The entire listing that follows must be repeated exactly, pictures excluded.

THE DATA >>
######

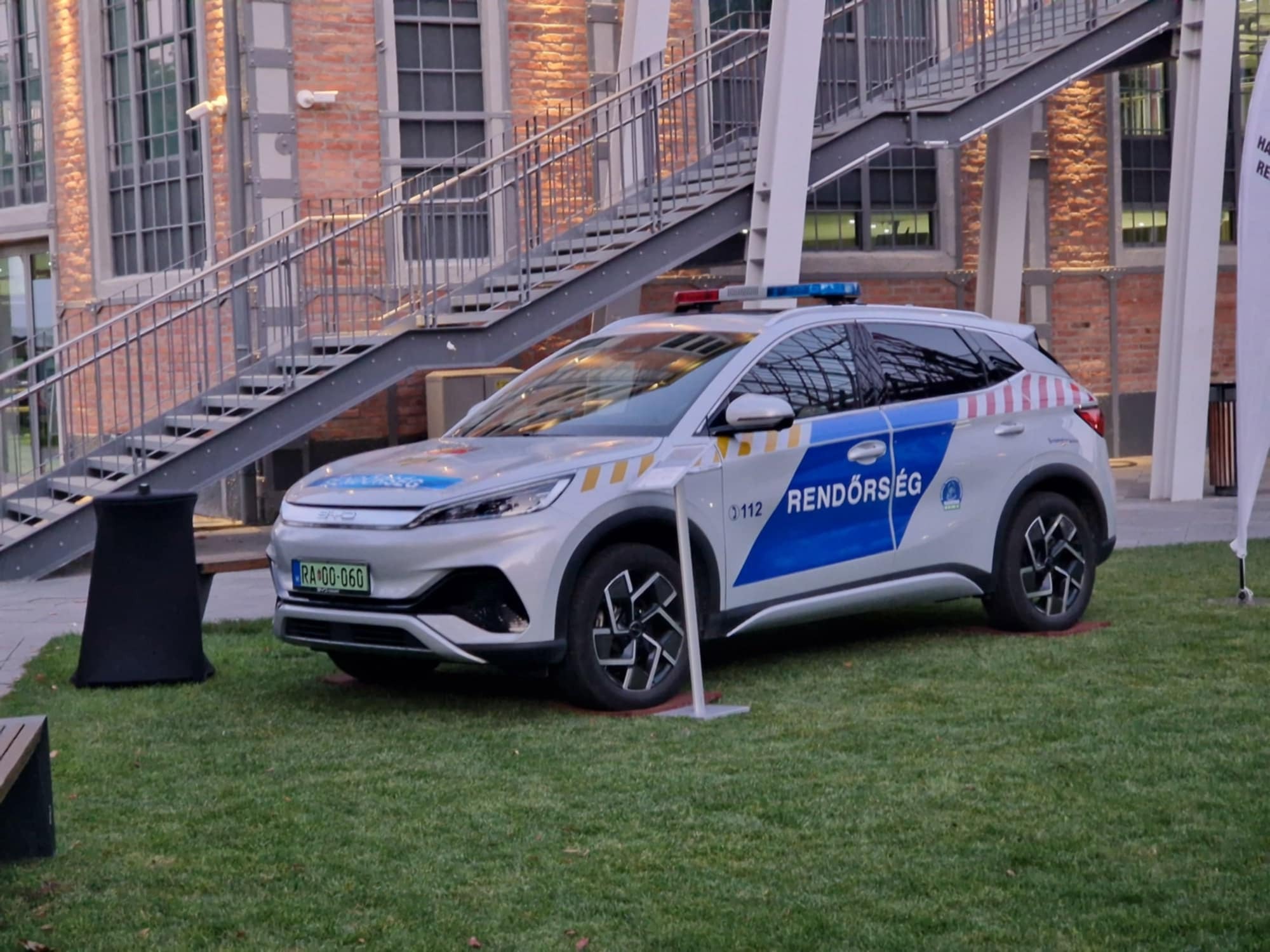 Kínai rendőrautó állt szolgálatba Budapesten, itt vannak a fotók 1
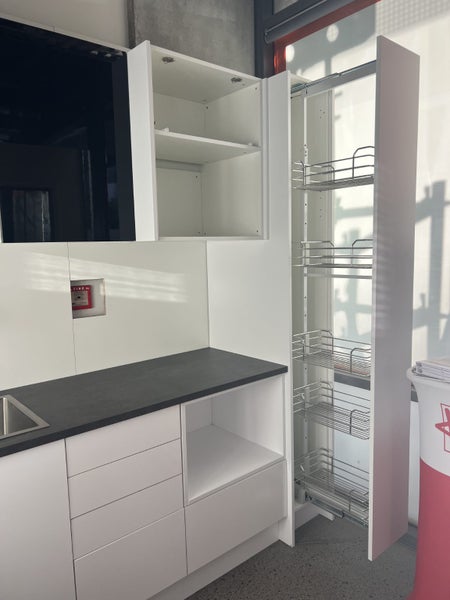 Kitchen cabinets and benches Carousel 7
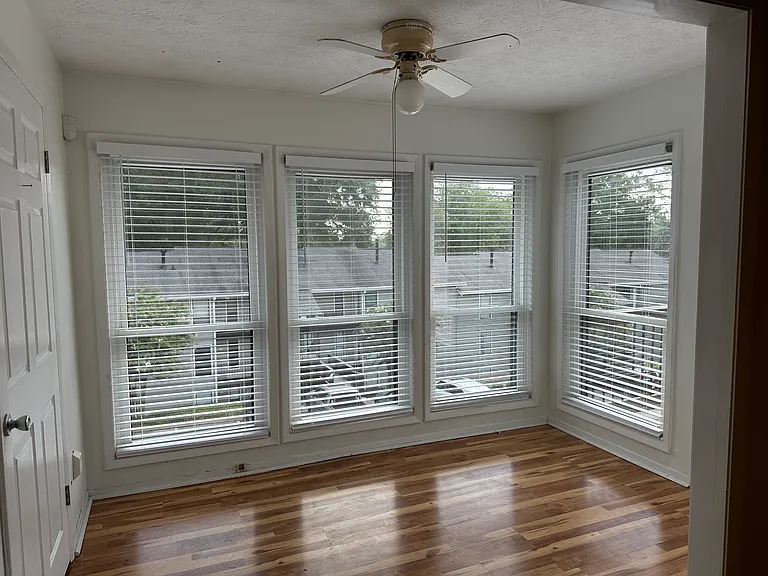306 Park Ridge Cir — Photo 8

######

EXERCISE OUTPUT >>
 Kínai rendőrautó állt szolgálatba Budapesten, itt vannak a fotók 1
 Kitchen cabinets and benches Carousel 7
306 Park Ridge Cir — Photo 8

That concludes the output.